[Entries shown — start]
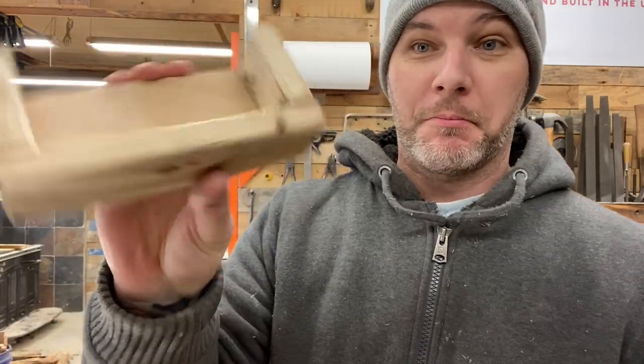Pro tip: if you're like me and you use your vise every single day but don't want to spend money on soft jaws, just make your own.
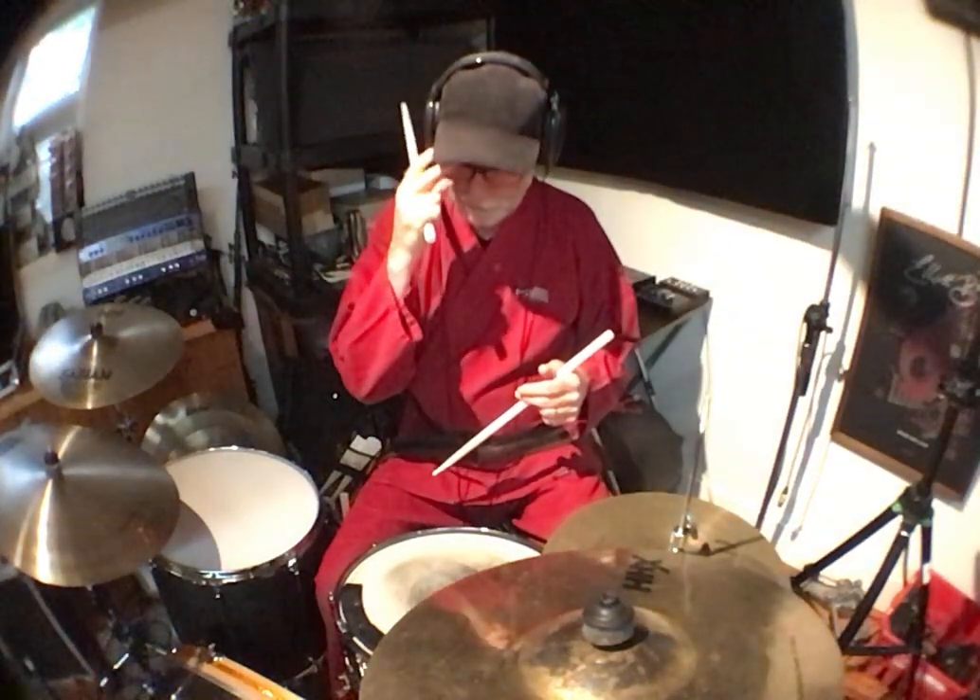First thing we did was add the snare. I can do that beat fairly readily, so I thought what I'll do is play a few other things around the kit and try to keep that backbeat alive.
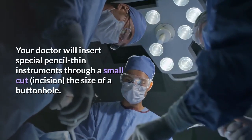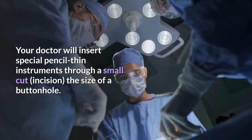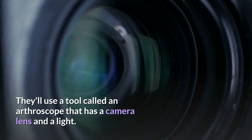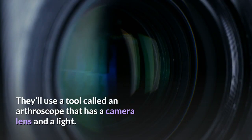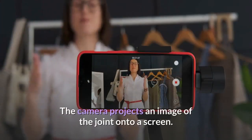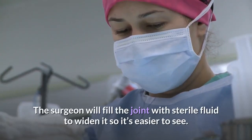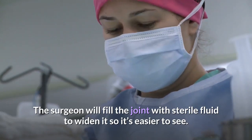Your doctor will insert special pencil-thin instruments through a small cut, or incision, the size of a buttonhole. They'll use a tool called an arthroscope that has a camera lens and a light, allowing them to see inside the joint. The camera projects an image of the joint onto a screen. The surgeon will fill the joint with sterile fluid to widen it so it's easier to see.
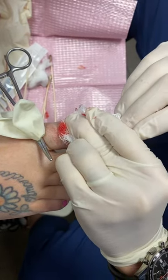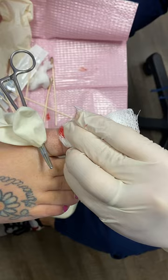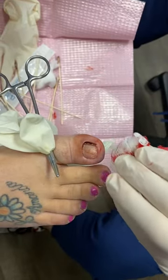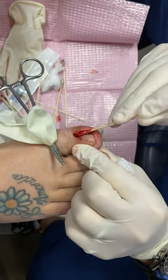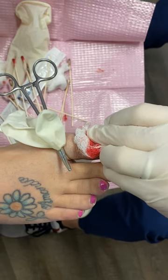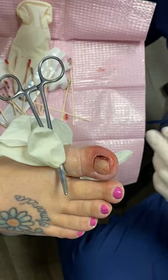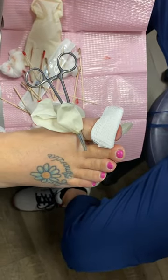So we put four applications of phenol in there, and then we're going to take a Q-tip and flush this out with a little isopropyl alcohol. She's going to go home today, numb for hopefully about four to six hours. She's going to take a little Tylenol. Her toe might feel a little heartbeat in it once the numbing medicine wears off, and she'll take the dressing off when instructed. I'm going to put a little hydrogel in here to help wick everything out, and she'll do some dressing changes at home.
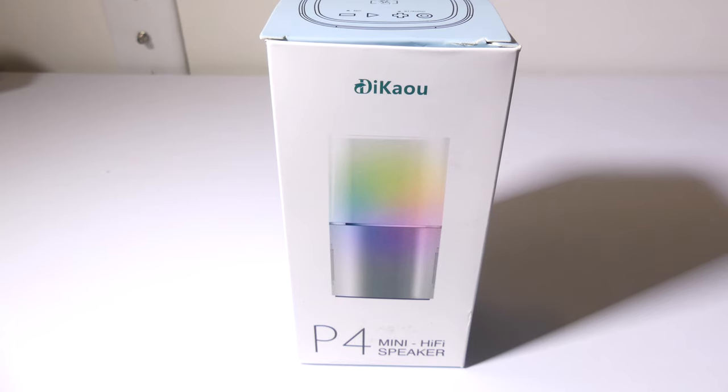Hey everybody, it's Luke over at Galaxy Tech Review and today I'm going to review a product from DECAL. This is the P4 Mini Bedside Table Bluetooth Speaker with RGB Lighting. You can check it out on Amazon at the time of this review for $29. I'll have that link in the description below. Is this speaker worth putting on your bedside table? We're going to dig into it now.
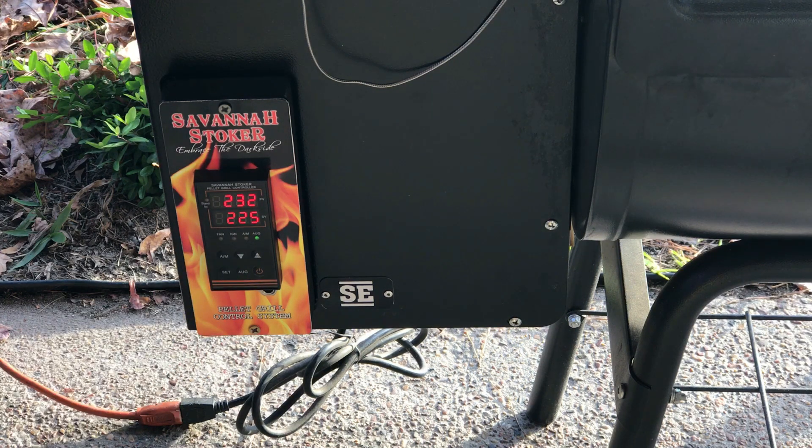Right now our display is reading 232 degrees and our Fireboard is reading 221–222, so we need to change that by about 12 degrees, and we need to go in the minus direction.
[Entries shown — finish]
Exercise instructions:
From the listing above, restate verbatim the lines running from the one with "First thing we" through the one with "Your doctor will", inclusive, but not the pictures.

Solution for this problem:
First thing we did was add the snare. I can do that beat fairly readily, so I thought what I'll do is play a few other things around the kit and try to keep that backbeat alive.
Your doctor will insert special pencil-thin instruments through a small cut, or incision, the size of a buttonhole. They'll use a tool called an arthroscope that has a camera lens and a light, allowing them to see inside the joint. The camera projects an image of the joint onto a screen. The surgeon will fill the joint with sterile fluid to widen it so it's easier to see.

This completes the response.